Handbook of Research on Computational and Systems Biology: Interdisciplinary Applications
The aim of Dynamic Causal Modeling (DCM) is to make inferences and estimate the causal architecture of coupled or distributed dynamical systems. It relies on comparing models of how data are generated, where these Dynamic Causal Models are formulated in terms of stochastic or ordinary differential equations. These equations model the dynamics of hidden states in the nodes of a probabilistic graphical model, where conditional dependencies are parameterized in terms of directed effective connectivity.
Published in Chapter:
Granger Causality: Its Foundation and Applications in Systems Biology
Tian Ge (Fudan University, China) and Jianfeng Feng (Fudan University, China & University of Warwick, UK)
DOI: 10.4018/978-1-60960-491-2.ch022
Abstract
As one of the most successful approaches to uncover complex network structures from experimental data, Granger causality has been widely applied to various reverse engineering problems.
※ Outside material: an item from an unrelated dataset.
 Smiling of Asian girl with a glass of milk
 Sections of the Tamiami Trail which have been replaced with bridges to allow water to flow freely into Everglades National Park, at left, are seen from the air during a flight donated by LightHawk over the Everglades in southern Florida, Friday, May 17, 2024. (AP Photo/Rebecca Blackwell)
This chapter first reviews some current developments of Granger causality and then presents the graphical user interface (GUI) to facilitate the application. To make Granger causality more computationally feasible and satisfy biophysical constraints for dealing with increasingly large dynamical datasets, two attempts are introduced including the combination of Granger causality and Basis Pursuit when faced with non-uniformly sampled data and the unification of Granger causality and the Dynamic Causal Model as a novel Unified Causal Model (UCM) to bring in the notion of stimuli and modifying coupling. Several examples, both from toy models and real experimental data, are included to demonstrate the efficacy and power of the Granger causality approach.